[[ RECORDS PROVIDED, beginning ]]

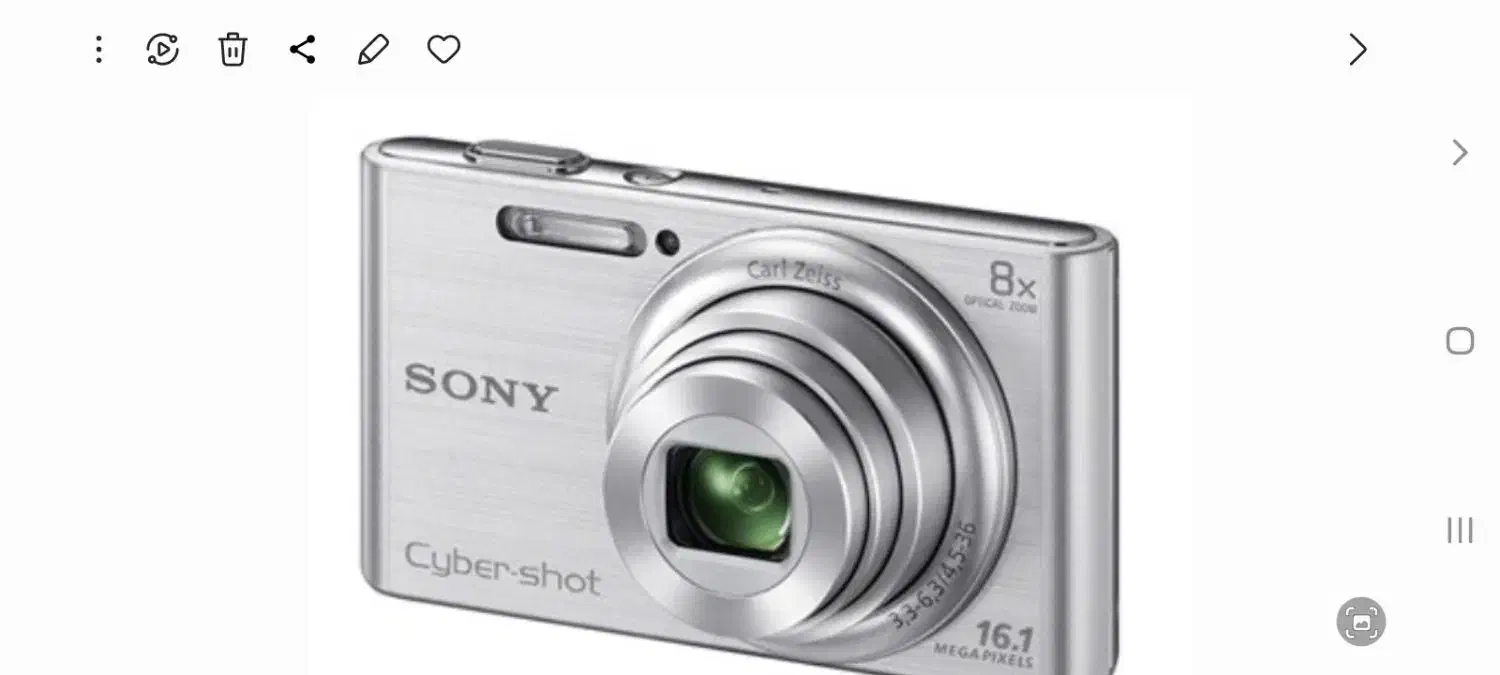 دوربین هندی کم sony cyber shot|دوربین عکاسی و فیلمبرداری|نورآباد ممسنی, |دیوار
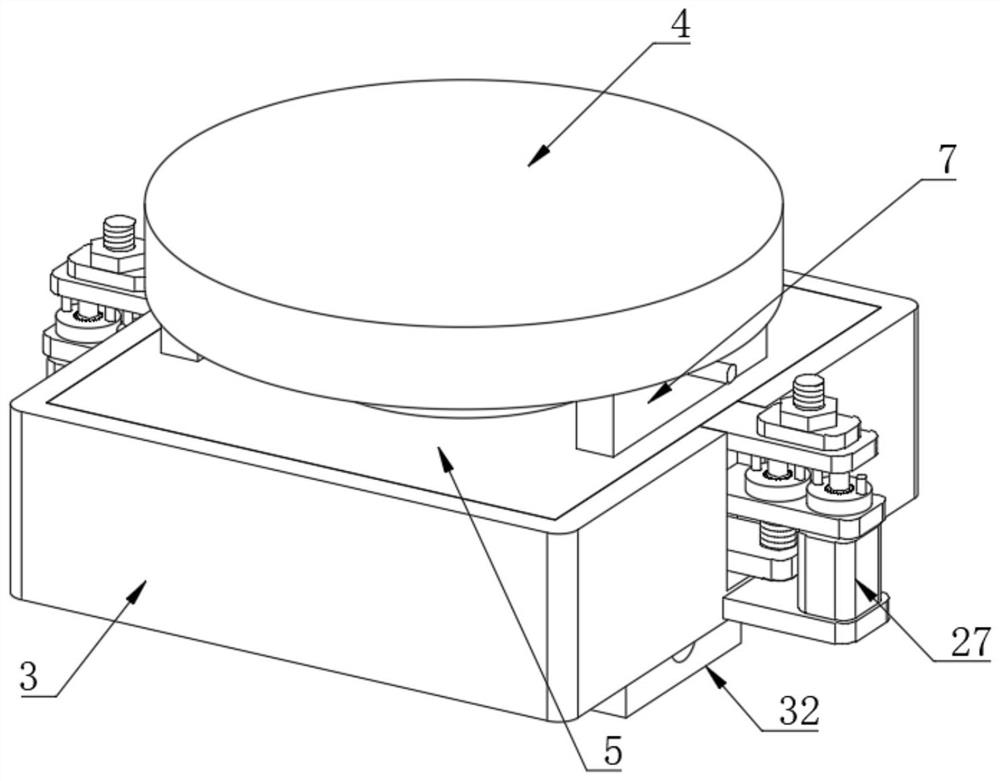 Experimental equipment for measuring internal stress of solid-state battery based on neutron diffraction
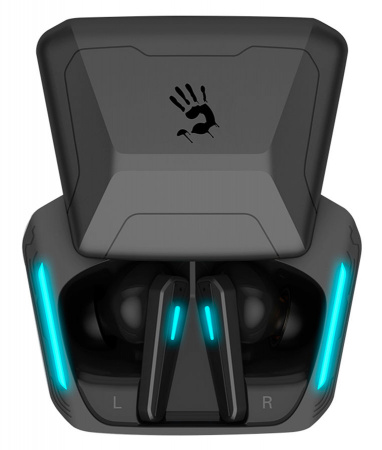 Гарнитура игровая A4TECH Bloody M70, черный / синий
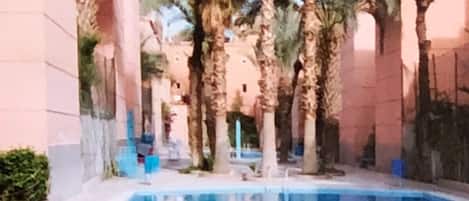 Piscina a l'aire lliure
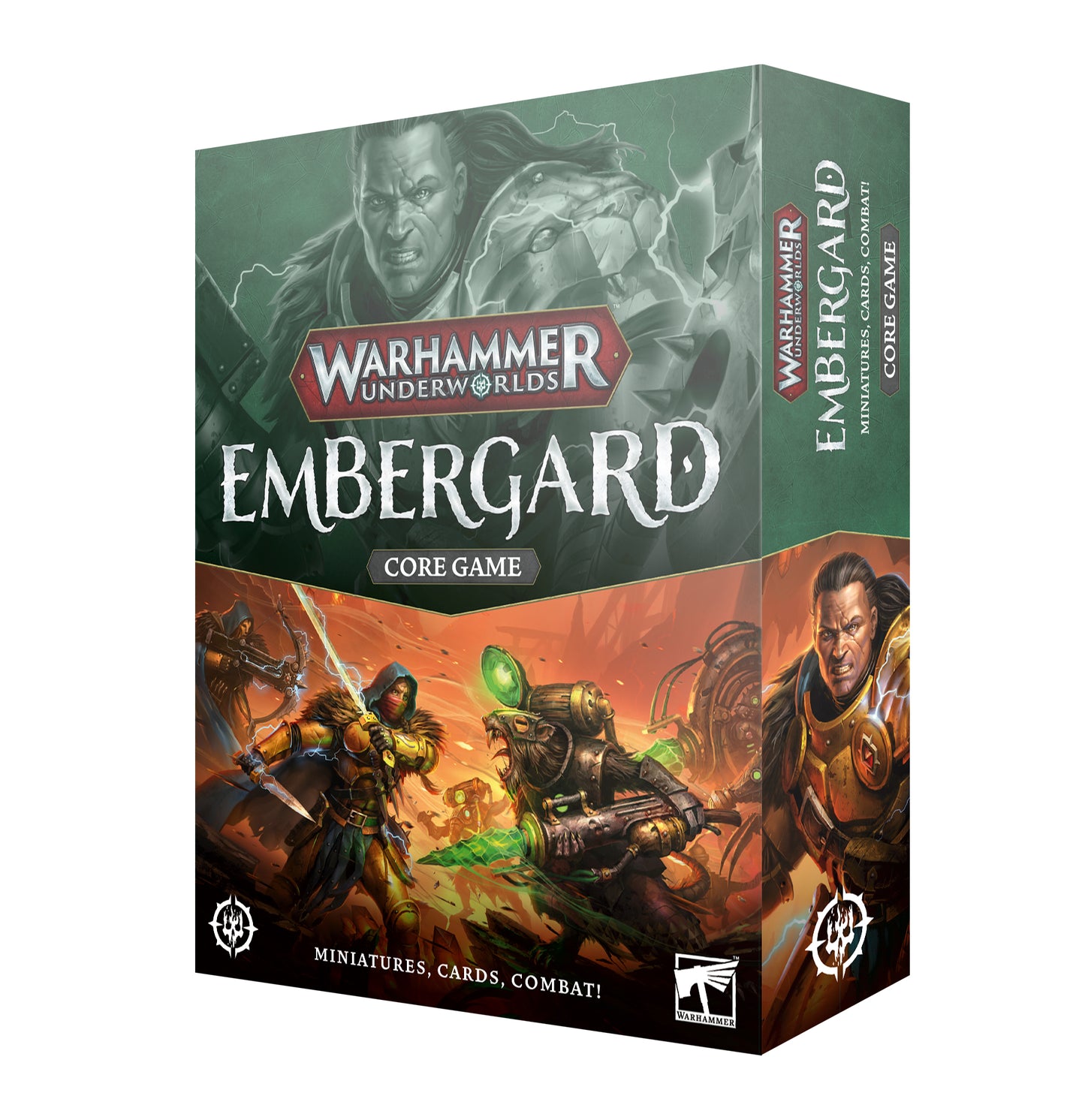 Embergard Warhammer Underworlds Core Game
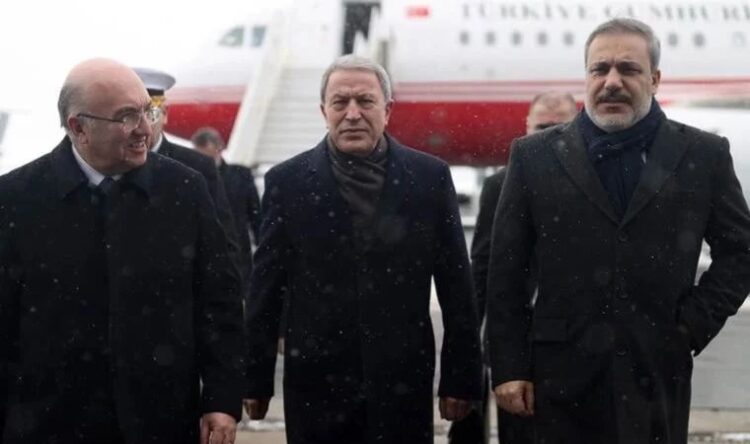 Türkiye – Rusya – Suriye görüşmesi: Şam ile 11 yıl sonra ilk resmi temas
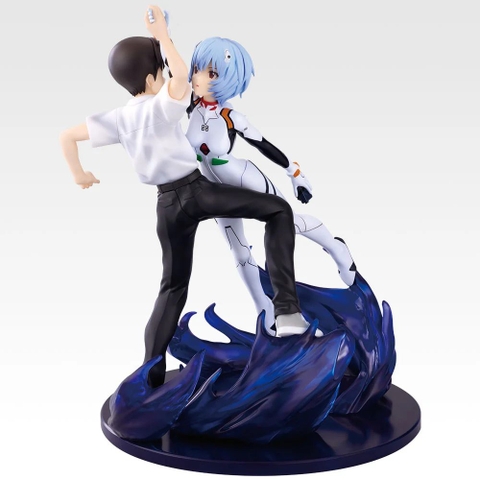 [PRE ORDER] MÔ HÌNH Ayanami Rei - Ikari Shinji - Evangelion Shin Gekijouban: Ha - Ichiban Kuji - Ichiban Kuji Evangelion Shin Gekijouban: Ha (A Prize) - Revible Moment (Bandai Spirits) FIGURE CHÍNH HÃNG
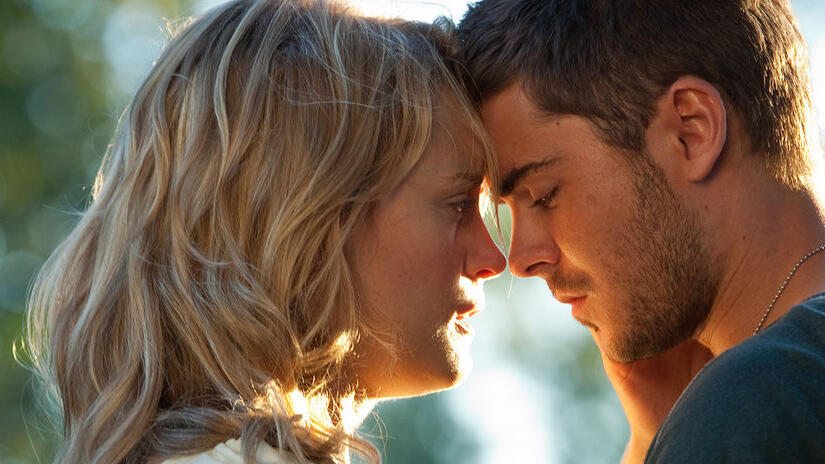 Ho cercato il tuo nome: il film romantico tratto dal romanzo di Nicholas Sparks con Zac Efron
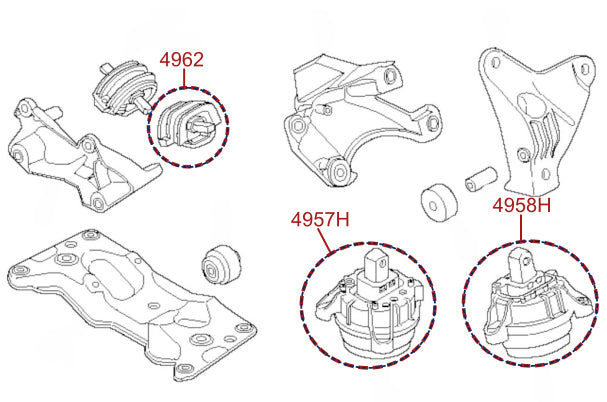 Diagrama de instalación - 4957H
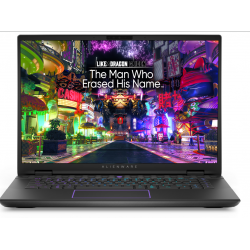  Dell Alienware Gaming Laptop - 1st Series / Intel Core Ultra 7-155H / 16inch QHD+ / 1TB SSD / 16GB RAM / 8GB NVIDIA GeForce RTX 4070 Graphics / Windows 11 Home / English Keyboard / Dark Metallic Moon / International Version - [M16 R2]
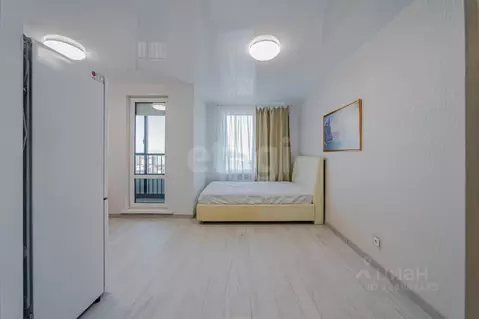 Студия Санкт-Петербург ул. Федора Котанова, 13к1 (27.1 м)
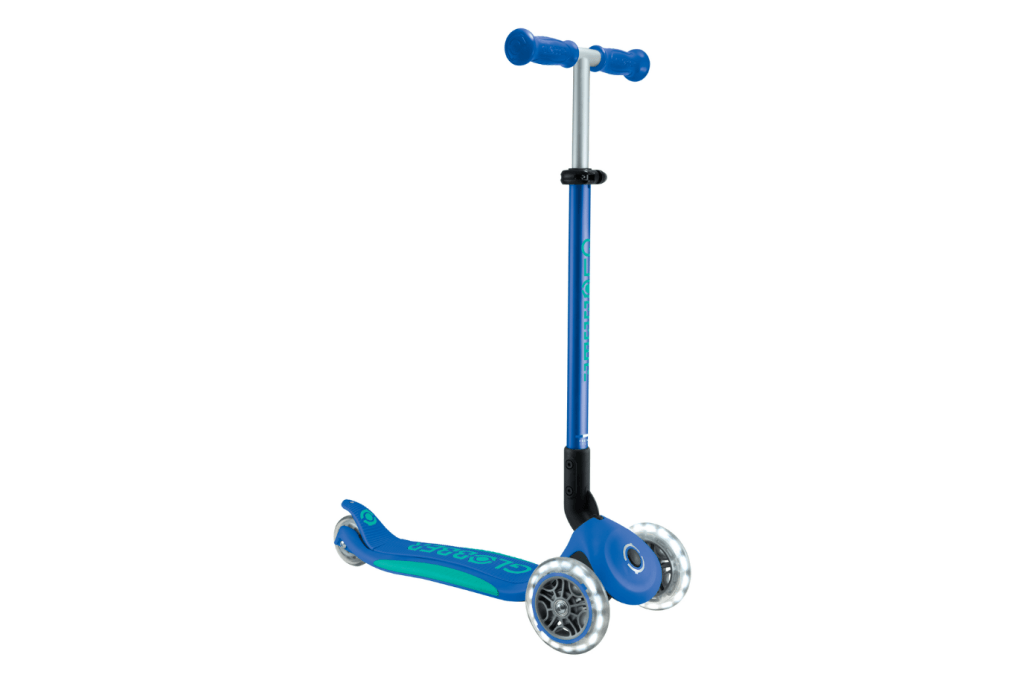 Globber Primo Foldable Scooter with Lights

[[ RECORDS PROVIDED, end ]]

## WHAT THIS TASK INVOLVES
Copy exactly, and only, the lines from the first entry through the line holding "Piscina a l'aire lliure", both ends included, leaving out every picture.

## ANSWER SECTION
 دوربین هندی کم sony cyber shot|دوربین عکاسی و فیلمبرداری|نورآباد ممسنی, |دیوار
 Experimental equipment for measuring internal stress of solid-state battery based on neutron diffraction
 Гарнитура игровая A4TECH Bloody M70, черный / синий
 Piscina a l'aire lliure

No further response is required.